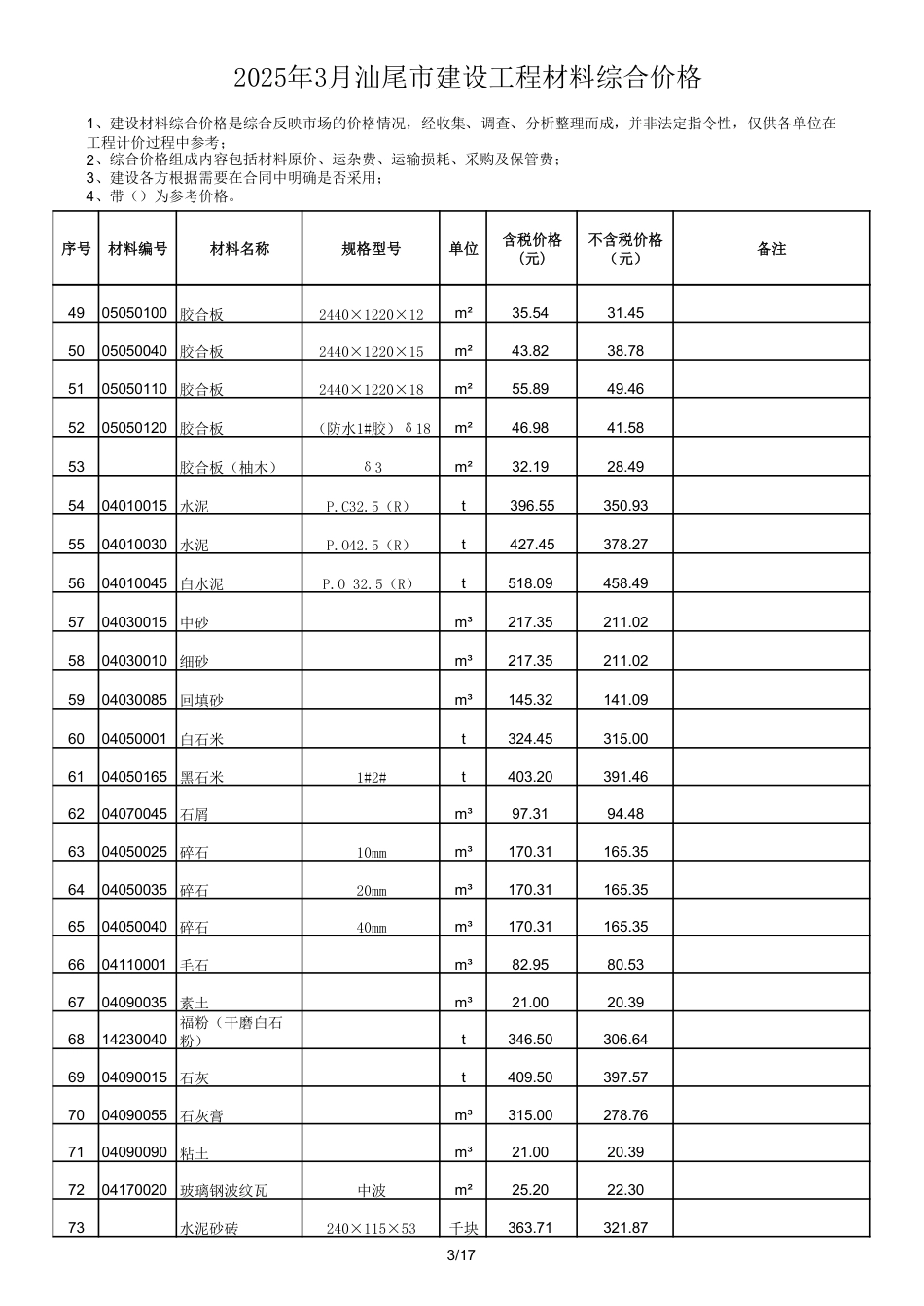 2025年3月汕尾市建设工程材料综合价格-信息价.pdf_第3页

##############################

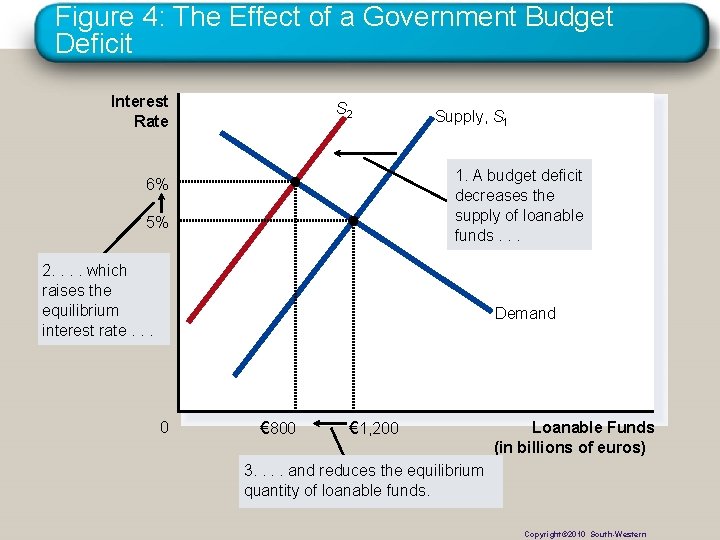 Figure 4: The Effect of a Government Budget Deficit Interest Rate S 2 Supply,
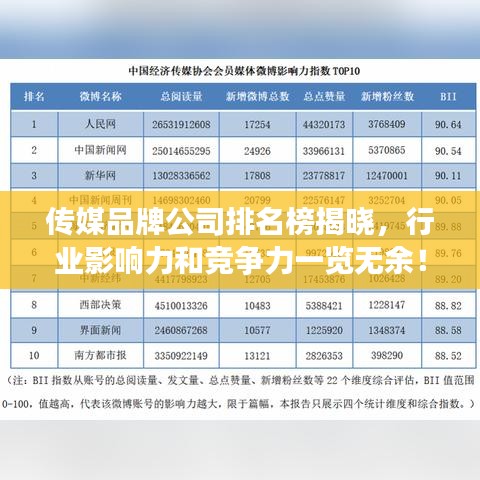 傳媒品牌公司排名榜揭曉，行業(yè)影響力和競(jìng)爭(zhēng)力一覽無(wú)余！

##############################

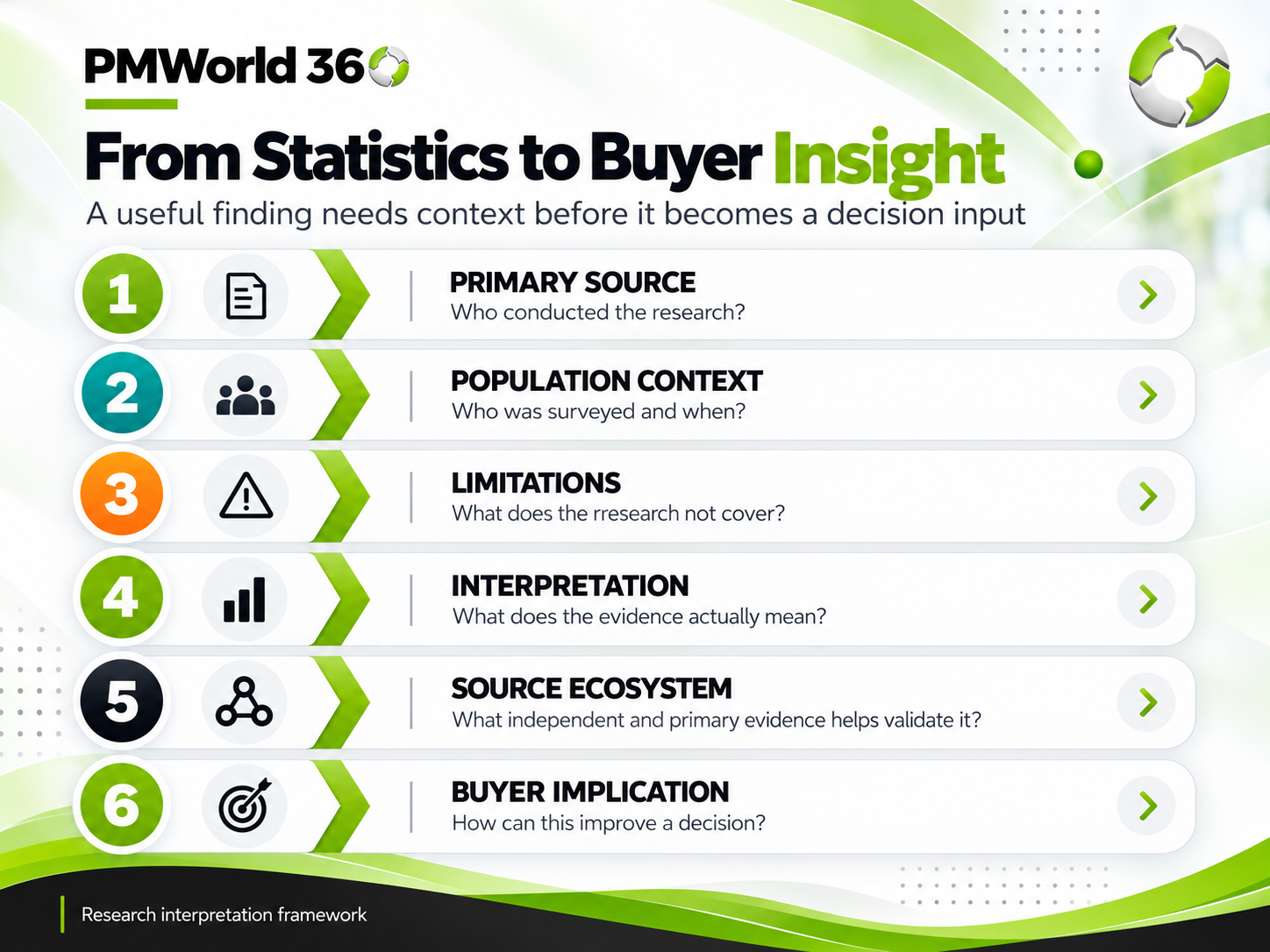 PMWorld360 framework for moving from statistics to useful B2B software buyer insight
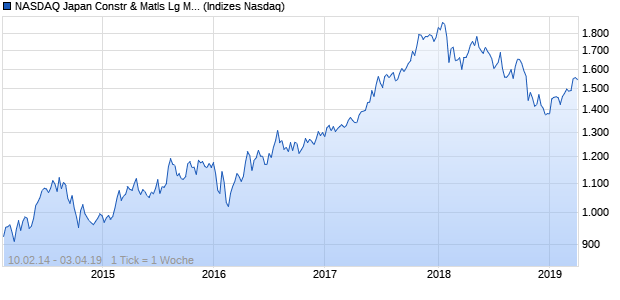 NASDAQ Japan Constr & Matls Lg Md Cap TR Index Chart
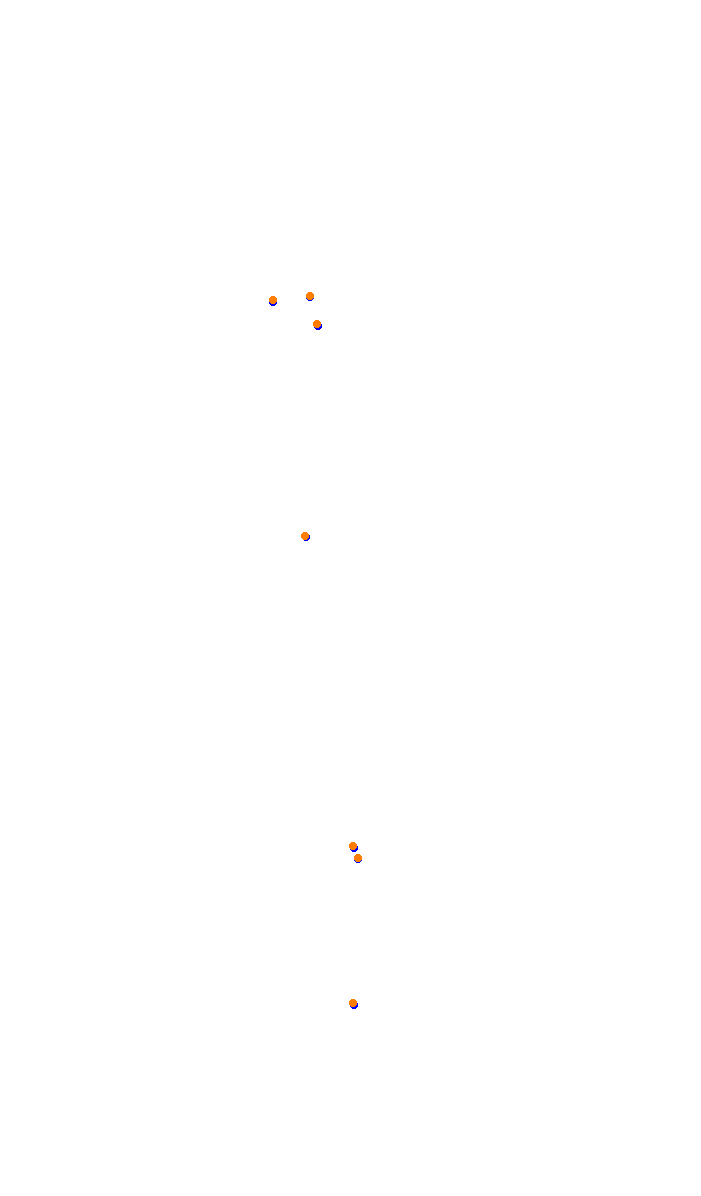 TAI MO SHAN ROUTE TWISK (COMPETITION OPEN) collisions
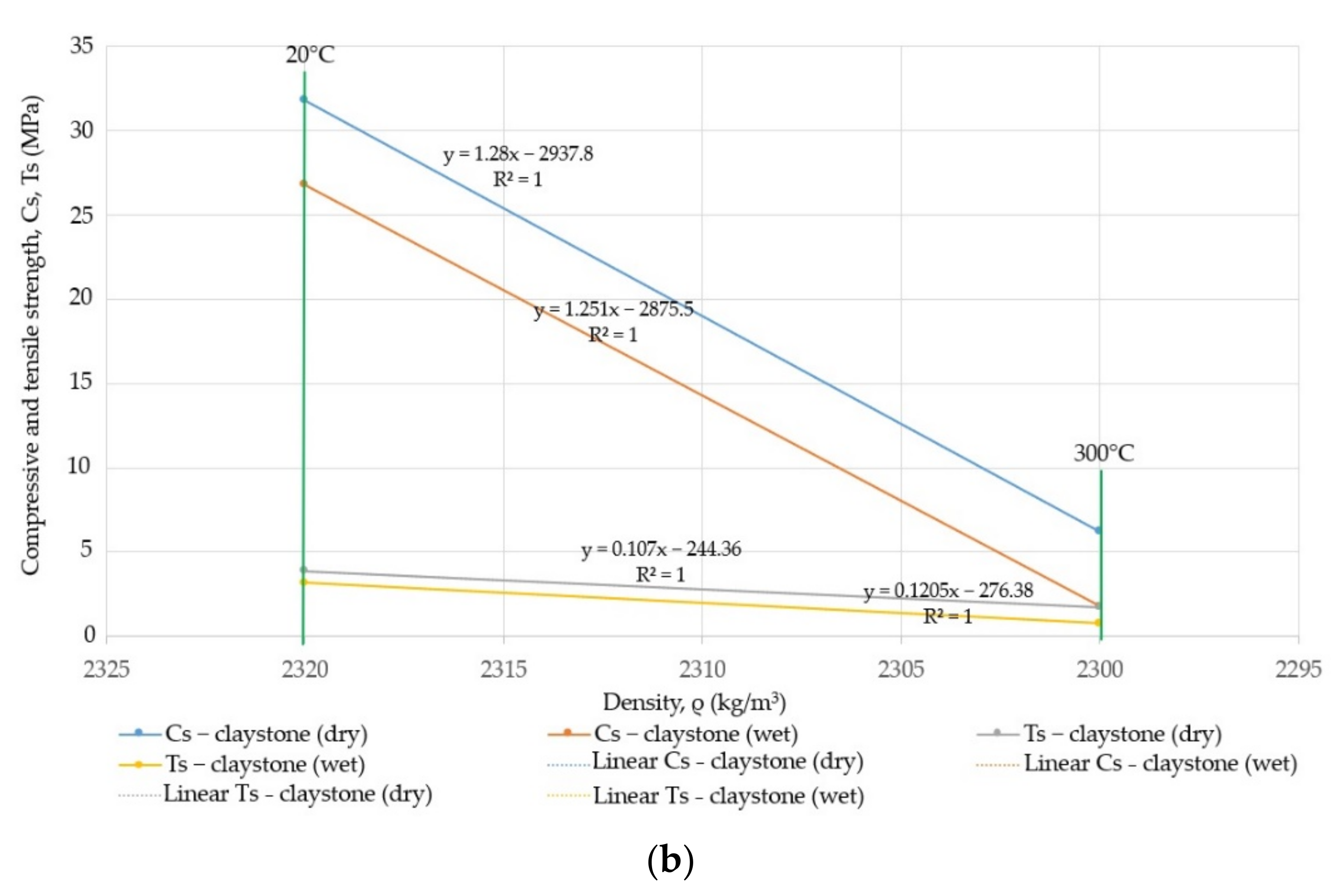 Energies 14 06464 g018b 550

##############################

> **Task item**:
In the records above, find the line with "NASDAQ Japan Constr" and the line with "Energies 14 06464 g018b 550", then restate word for word only those two lines and all lines between, omitting pictures.

> **Answer box**:
 NASDAQ Japan Constr & Matls Lg Md Cap TR Index Chart
 TAI MO SHAN ROUTE TWISK (COMPETITION OPEN) collisions
 Energies 14 06464 g018b 550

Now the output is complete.